The above data combine through a number of formulas to create a “candidate weight”. This score only applies where two or more candidates are in contest from the same party. If one candidate contests, their vote is that for their party in the constituency (see previous section).
Example: If two Fianna Fáil candidates are in contest, the party’s vote in the constituency will split by the candidate weights. Let’s assume 10,000 votes are available. If candidate A has a weight of 0.6, and candidate B has 0.4, A will win 6,000 first preference votes (FPVs) and B wins 4,000. This sounds rigid, but later on I discuss simulation and how party ticket underdogs are allowed to lead on occasion.
Where a candidate has not contested a prior election, subjective interpretation must be used to assign a candidate weight. This is particularly sensitive to independent/other candidates who may possess some local/national “celebrity” status (or lack of). A qualitative reading of each constituency is used to determine a weight.
The 2014 local election results also undergo some subjective adjustment. A candidate may have received a small number of votes, but may have contested a very strong area for their party. It is likely (although by no means certain) that the votes received by other candidates in that area would rally around this person in a general election setting. A local election area (LEA) can typically be one-third to one-sixth of a constituency’s area and population. This adjustment is also made when a sitting TD is joined by a Councillor on a party ticket. The candidate weights would otherwise greatly favour the incumbent if this adjustment isn’t made.
At the heart of the model is a full simulation of Ireland’s PR-STV election count system. R code has been written to incorporate all the rules of the count.
A unique feature of the Irish system is “non transferable” (NT) votes. These occur when voters fail to give preferences for every candidate on the ballot. As a count progresses, the number of NT votes rises. To model this I examined a number of past general/local election counts. I then derived a formula which takes the votes to be transferred at any count and determines the number of NT votes.
t – (t*(1-((1-(c) / n))^(1/0.67))/1.85))
t = The number of transfers available
c = The count number
n = The number of candidates in the constituency
In any constituency, transfers contain a mix of party preferences (Sinn Féin to AAA/PBP for example) and local characteristics. The latter is beyond the scope of this model. We lack sufficient data to allocate transfers based on close proximity of candidates. Dual county constituencies (Cavan-Monaghan, Sligo-Leitrim etc.) have a tendency to transfer within county lines, in an effort to secure a TD for the county. A potential improvement for the model would be transfers based on geographic proximity, perhaps using the address provided for each candidate on the ballot paper (although not all candidates live in their constituencies).

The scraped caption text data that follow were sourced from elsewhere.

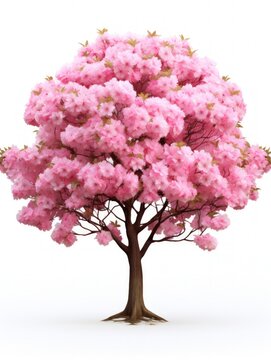 a pink tree with pink flowers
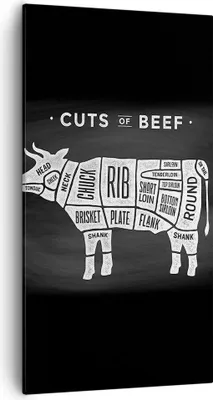 Produktbild von Bild auf Leinwand - Leinwandbild - Kuh Rindfleisch Kochen Grafik - 55x100cm - Wand Bild - Wanddeko - Leinwanddruck - Bilder - Kunstdruck - Wanddekoration - Leinwand bilder - Wandkunst - PA55x100-3156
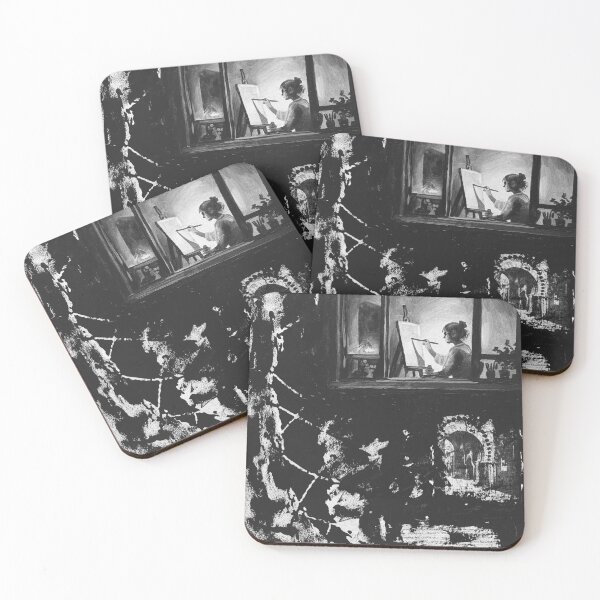 Item preview, The Quiet Practice | Black and White Artist Studio Painting designed and sold by CheHojas.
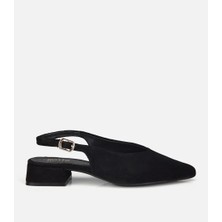 Hotiç 01AYH322040A100 KADIN Süet Deri Siyah Arkası Açık Sivri Burunlu Babet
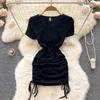 2024 Summer Hot Girl Slimming Square Neck Mini Dress with Drawstring Bodycon and Short Sleeves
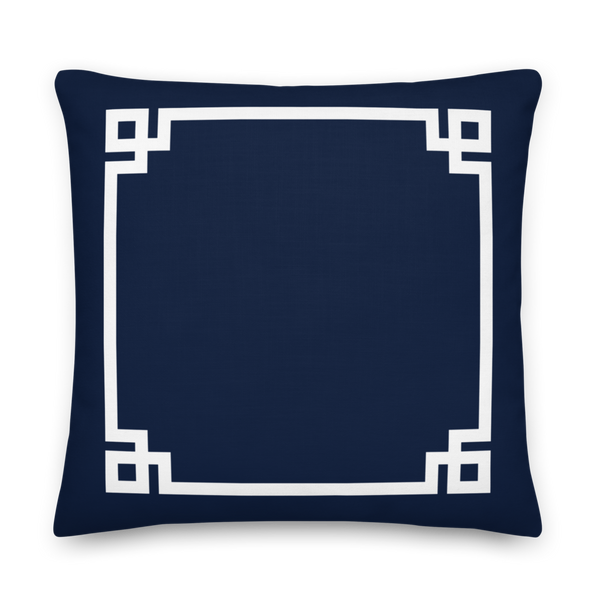 Greek Key Pillow (Navy)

To determine party to party transfers, the model takes an average of transfer patterns from the 2011 general election and 2014 local elections. Some adjustments are made including incorporation of the recent transfer pact between Fine Gael and Labour. This simple approach presents some issues. While Sinn Féin to AAA/PBP transfers are high nationally (and vice versa), they are likely to vary at a constituency level. We lack sufficient data to model transfers locally, so a national average must be taken.
Above is the “transfer matrix” for the 2011 general election. The figures included are percentages, however you will notice that rows and columns don’t total to 100%. I have highlighted internal party transfers which are naturally high, but which didn’t occur for the United Left Alliance and Green Party at the time (the opportunity never arose).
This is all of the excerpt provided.